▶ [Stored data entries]
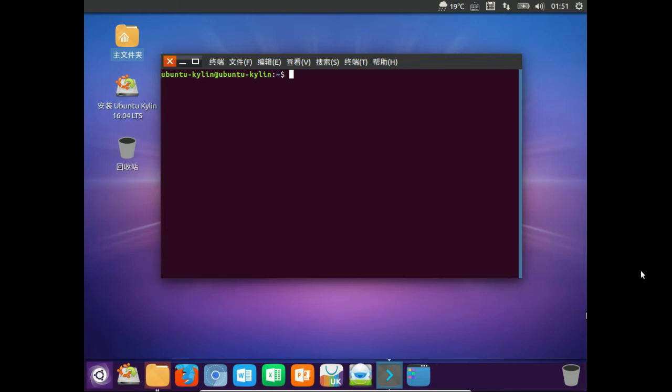G'day YouTube. This video is on Ubuntu Kylan, just a short video about what is Ubuntu Kylan.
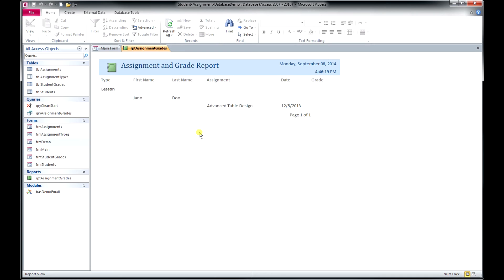All right. Well, that kind of concludes our demonstration of this simple database template. We hope you found this useful. We encourage you to download the template before you purchase the database so that you can try it out for yourself and make sure that you're comfortable with the way it works and that it's going to be a good value for you.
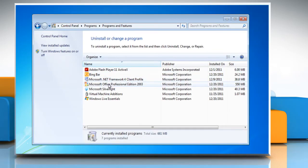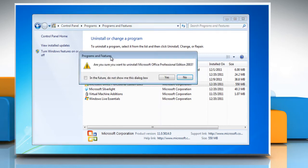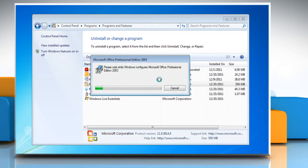Select Microsoft Office Professional Edition 2003 from the list and then click Uninstall. Click Yes on the confirmation dialog box. Wait for the completion of the uninstallation process.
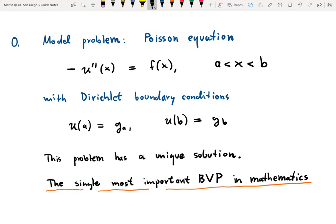More specifically, we consider the Poisson equation with Dirichlet boundary conditions, which means we fix the boundary values of the function at the left endpoint a and the right endpoint b of the interval: u(a) equals some number g_a and u(b) equals some number g_b. This boundary value problem has a unique solution. In fact, the Poisson equation with Dirichlet boundary conditions is probably the most important boundary value problem in all of mathematics and numerical analysis.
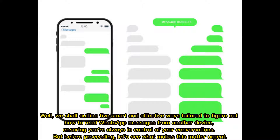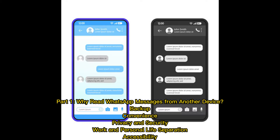We shall outline five smart and effective ways tailored to figure out how to read WhatsApp messages from another device, ensuring you're always in control of your conversations. But before proceeding, let's see what makes this matter urgent. Part one: why read WhatsApp messages from another device? Backup convenience, privacy and security, work and personal life separation, and accessibility.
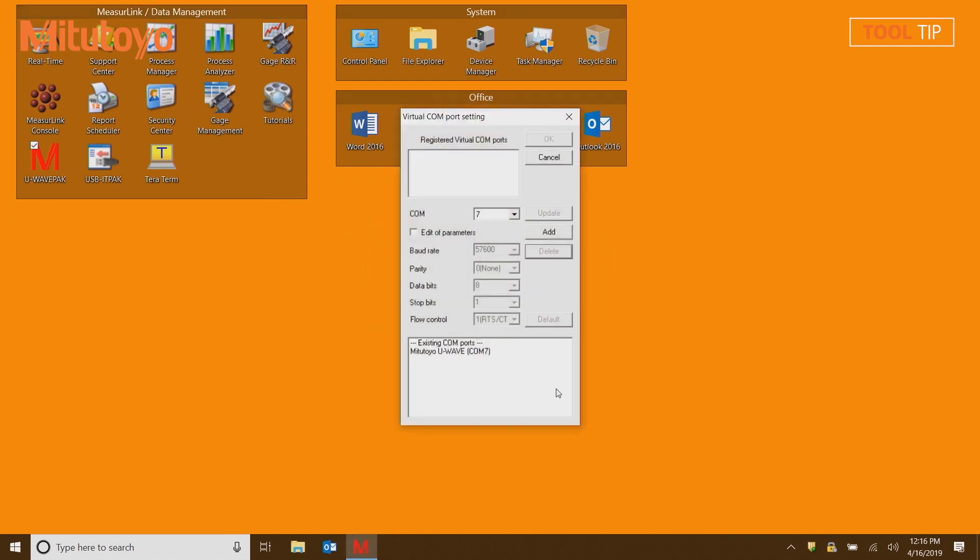From the lower portion of the virtual COM port settings window, select your existing COM port, in this example it's Mitutoyo U-Wave COM7, then click the Add button to register that as a virtual COM port for your U-Wave receiver. Select OK to confirm this setting.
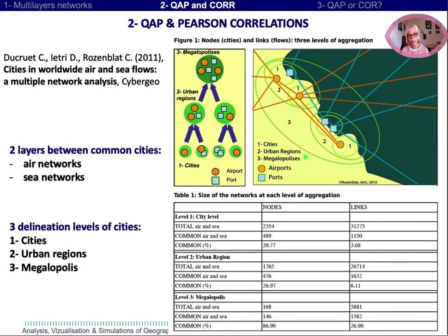Here you have the spatial aspect of this aggregation. In the table, we indicate the size of the three networks. By construction, cities' networks are larger than urban regions' networks, which are themselves larger than megalopolis' networks.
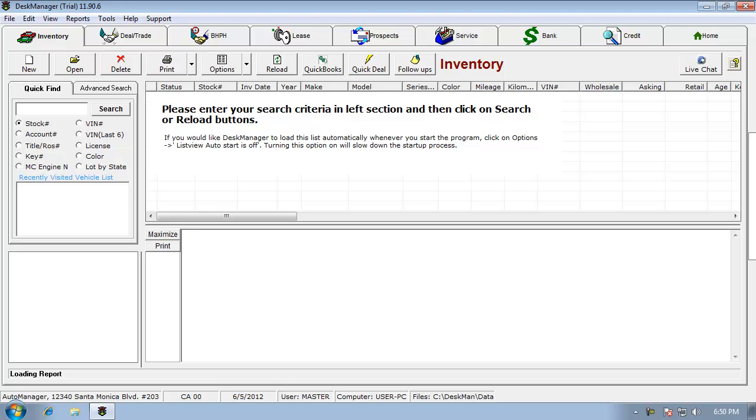Hello everyone. The following video will walk you through updating your desk manager program. You can perform the update from any computer running desk manager, but it will be fastest using the main computer.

▶ [WHAT THIS TASK INVOLVES] The answer must be an exact copy of the lines above, from the start of the records through the line with "More specifically, we", and of nothing else; no pictures belong in it.

▶ [RESPONSE FOR THIS EXERCISE]
G'day YouTube. This video is on Ubuntu Kylan, just a short video about what is Ubuntu Kylan.
All right. Well, that kind of concludes our demonstration of this simple database template. We hope you found this useful. We encourage you to download the template before you purchase the database so that you can try it out for yourself and make sure that you're comfortable with the way it works and that it's going to be a good value for you.
Select Microsoft Office Professional Edition 2003 from the list and then click Uninstall. Click Yes on the confirmation dialog box. Wait for the completion of the uninstallation process.
More specifically, we consider the Poisson equation with Dirichlet boundary conditions, which means we fix the boundary values of the function at the left endpoint a and the right endpoint b of the interval: u(a) equals some number g_a and u(b) equals some number g_b. This boundary value problem has a unique solution. In fact, the Poisson equation with Dirichlet boundary conditions is probably the most important boundary value problem in all of mathematics and numerical analysis.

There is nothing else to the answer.